Dr. Heidi Staples: English Professor
Dr. Heidi Staples is a new faculty member in the Department of English, here at Alabama. A native Southerner, hailing from the Gulf Coastal Plain, Staples completed her MFA at Syracuse University and returned to the South for her PhD at the University of Georgia. She is the author of novel Guess Can Gallop and co-founded the Poets for Living Waters Foundation in response to the BP gulf oil spill. Staples’ work has appeared in Best American Poetry, Chicago Review, Denver Quarterly, Ecotone, Ploughshares, and Women’s Studies Quarterly. Staples took time to answer some questions regarding her time here at UA, her experiences in Europe, and several of her projects.
How has your education shaped your experience as a teacher and writer?
My formal education has taught me how much I don’t know—about writing, language, history, ecology, world(s)—and that awareness has taught me to maintain a learner’s position as long as possible. The learner’s position requires you to allow others to challenge and change your own perspective. It’s a bit like studying yoga and mastering the headstand—it can require years of systematic training, yet children do it for fun.
What does the English major mean to you and why should students continue to pursue it?
The English major offers students practical communication skills and the development of their creativity through a focus on design, story, meaning-making, and play. It’s fun. What’s more, the major gives students sustained engagement with independent human cultures—which exists ouside the confines of market forces. The English major immerses students in stories and songs that do more than distract or amuse. Literature and art help human beings share and be positively transformed by the psychological and emotional intensities of existence.
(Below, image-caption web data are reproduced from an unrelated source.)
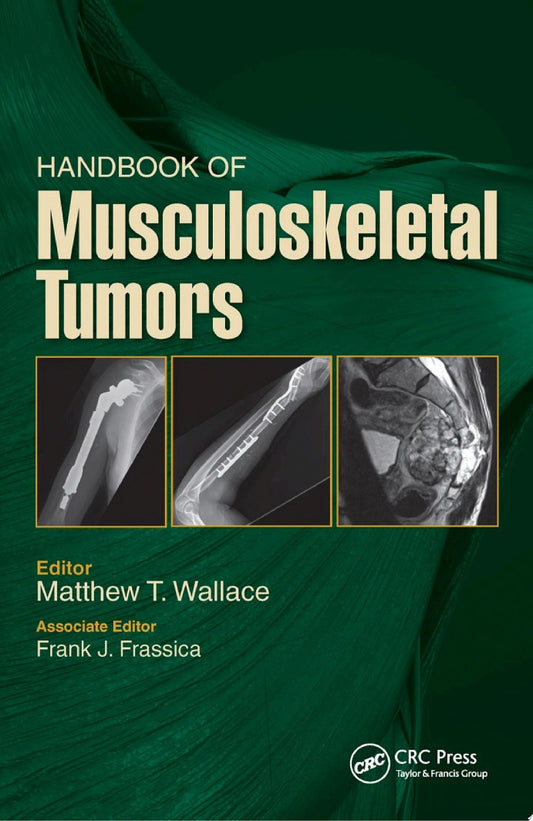 Handbook of Musculoskeletal Tumors
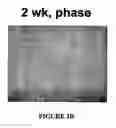 Fig. 07 - Isolated/cloned human NT2 cell lines expressing serotonin and GABA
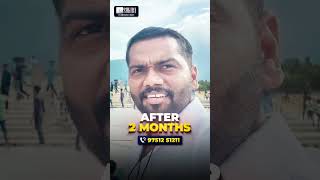 🤩 2 Month Hair Transplant Results Before \u0026 After | Tamil Hair Transplant | Sukira Aesthetic #shorts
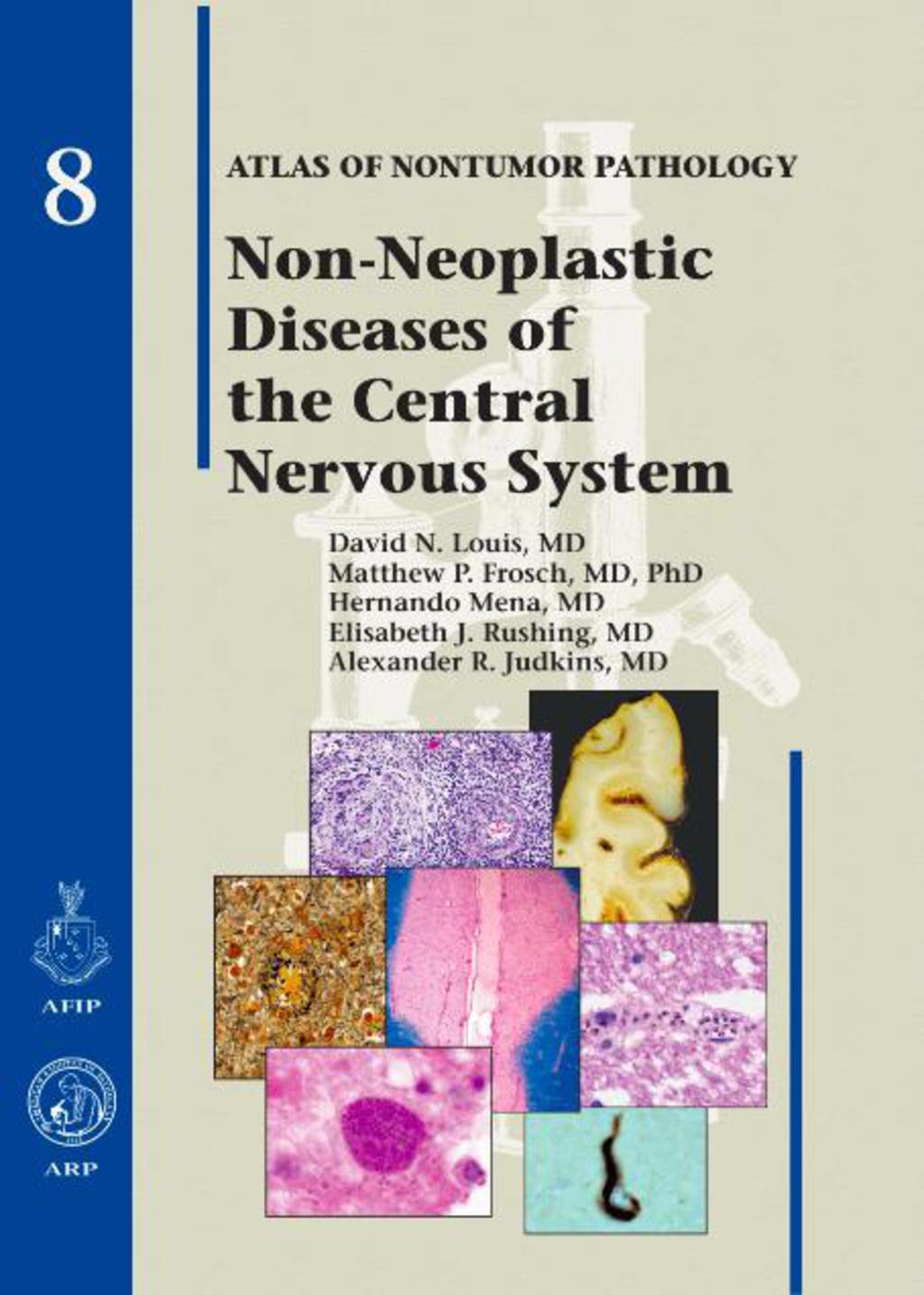 Non-Neoplastic Diseases of the Central Nervous System 1st Edition â€“ PDF/EPUB Version Downloadable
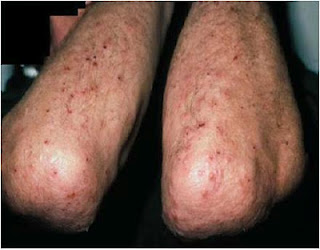 dapsone in treatment of dermatitis herpetiformis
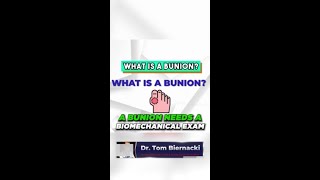 Bunion vs Arthritis Big Toe Joint Arthritis Surgery Hallux Rigidus [upl. by Joed680]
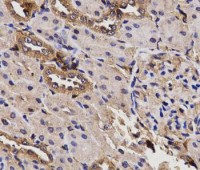 Anti-BCHE / Cholinesterase Antibody MX-C331478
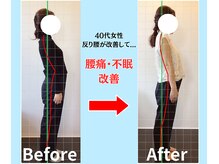 ソヴァール(SAUVEUR)/40代女性　反り腰からの腰痛不眠
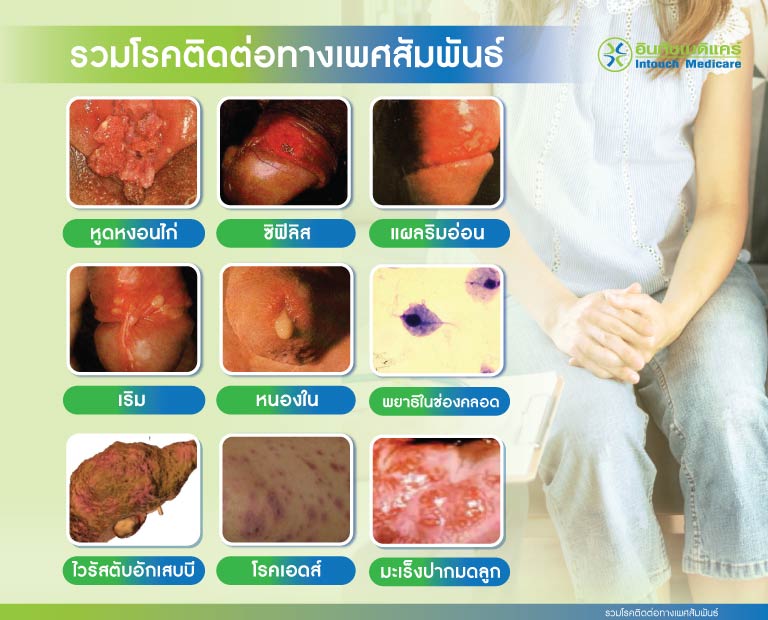 รวมโรคติดต่อทางเพศสัมพันธ์ รวมโรคติดต่อทางเพศสัมพันธ์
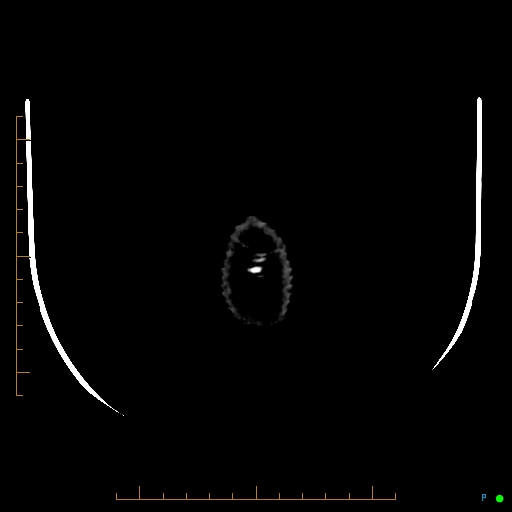 Cerebral arteriovenous malformation (AVM) (Radiopaedia 78162-90706 Axial non-contrast 66).jpg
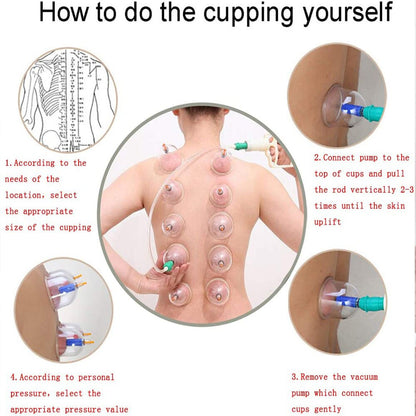 Tasses de thérapie cupping en silicone lot de 12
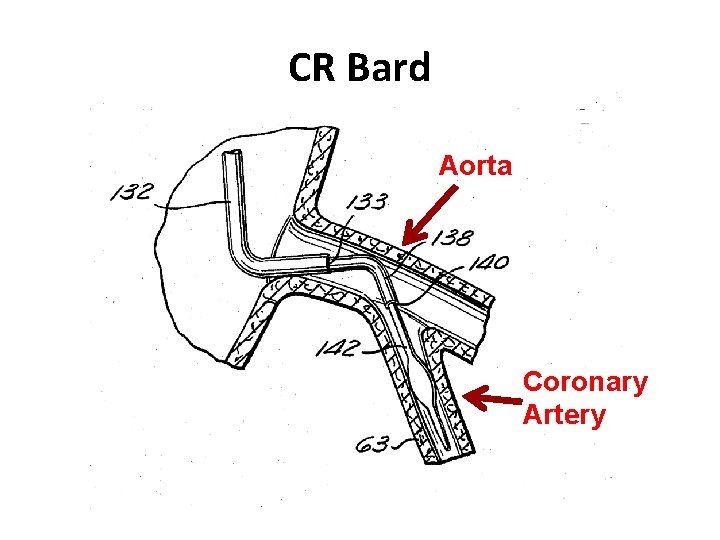 CR Bard Aorta Coronary Artery 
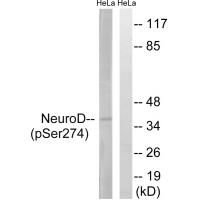 Neuro D (Phospho-Ser274) Antibody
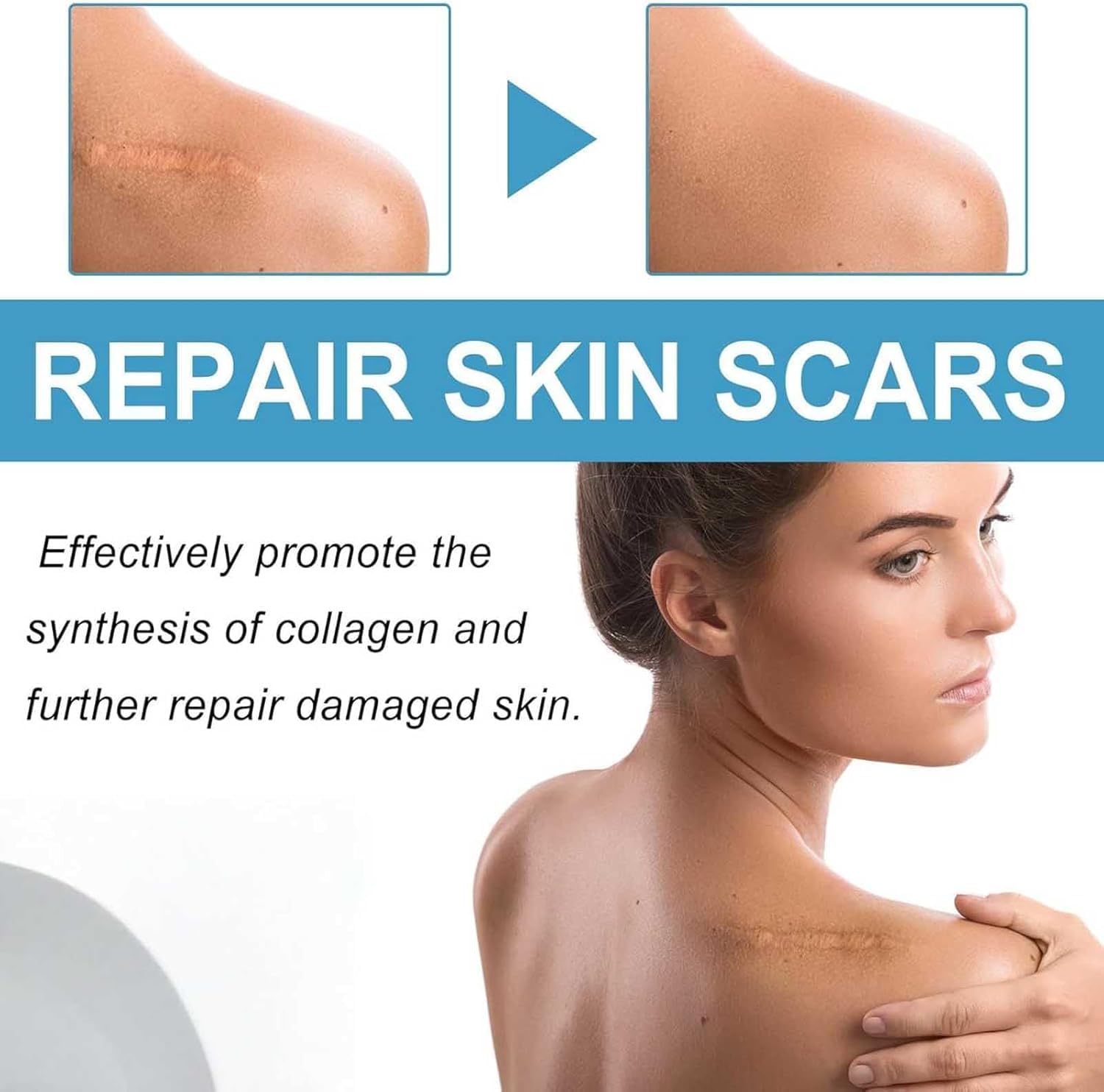RIWYDMA Vetra Scar Stick on skin demonstrating quick fragrance-free use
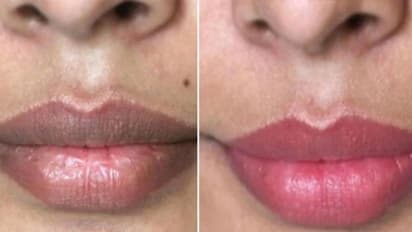 Here’s how you can get pink lips with these simple home remedies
What motivated you to start Poets for Living Waters?
I grew up on the then-undeveloped coast of the Florida Panhandle, and it’s a project close to my heart. An international poetry response to the BP oil disaster in the Gulf of Mexico, Poets for Living Waters includes hundreds of poems and statements of ecopoetics by writers including Franz Wright, Anne Waldman, Alicia Ostriker, and many others. Poet Muriel Rukesyer has famously described poetry as extending the historical record, which is what I imagine this project does. It helps transform the immense quantification of the BP oil disaster—numbers of gallons, numbers of lives lost, numbers of species impacted—into a more qualitative record. The poems reckon with the disaster’s impact on ineffable experiences, such as the possibility for joy or the rising tide of grief in the face of metastasizing ecocide. This foundation also provides a process for grieving, which I like to believe will help us move into a sense of collective possibility and responsibility for ethical change. I’ve presented on the work at several conferences, and Poets and Writers interviewed my co-editor Amy King and me about the project. Currently, we’re working on a new project, Big Energy Poets of the Anthropocene: When Ecopoets Think Climate Change.
What would you want alumni to know about the Department of English?
From what I have seen so far, this English department demonstrates the relevance of the humanities to the contemporary moment and is widely known for its related innovations. Professor Robin Behn’s Creative Writing Club, the graduate-student spin-off Writers in the Schools, the Writing in the Prisons program, Dr. Sharon O’Dair’s innovative weaving of time spent on Dauphin Island, eco-theory, and Shakespeare all come to mind in this regard. At our best, we are developing our own and our student’s creative and visionary capacities and so becoming ever more meaningful influences in the world. That all sounds a bit lofty. I also believe it’s real.
Are you currently working on any projects?
I recently received both CARSCA and RGC grants to work on a project titled “Emplaced and Multiple: the Mobile Bay Watershed excursions for new poetic works.” I’ll be visiting a variety of state parks and sites in Alabama, including the Bartram Canoe Trail in the Mobile-Tensaw area–also known as America’s Amazon. Alabama is a home to some of the greatest biodiversity in North America, and I’m so grateful to the university for giving me the opportunity to immerse myself in this adventure.